** EXERCISE **
Produce a faithful copy of the data, one that leaves out the pictures.

** RECORDED DATA **

+++++

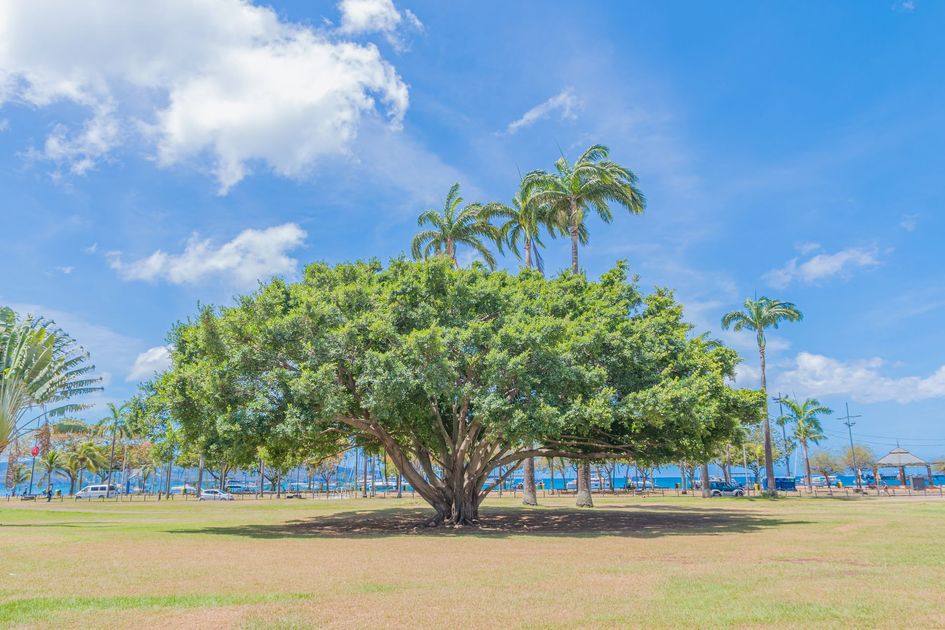 Arbres de Martinique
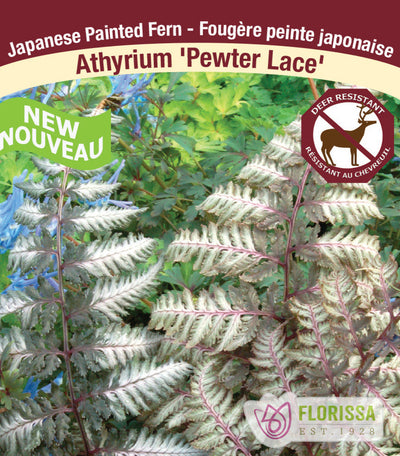 Lady Fern - Pewter Lace, 1 Pack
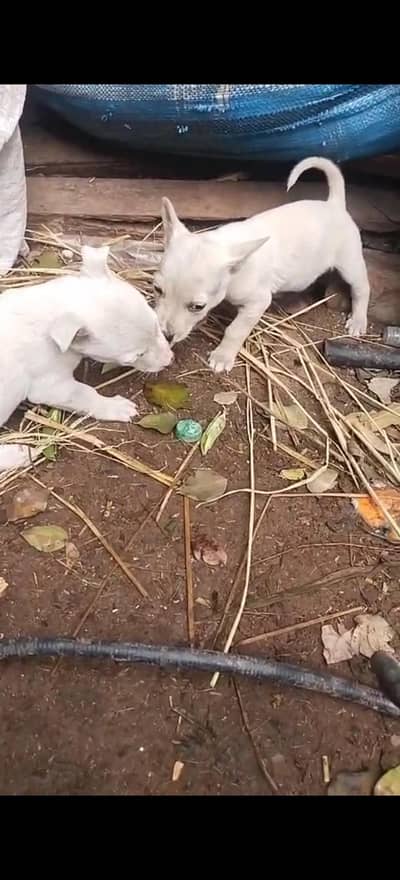 kohati pista Dog Pair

+++++

** SOLVED EXERCISE **
 Arbres de Martinique
 Lady Fern - Pewter Lace, 1 Pack
 kohati pista Dog Pair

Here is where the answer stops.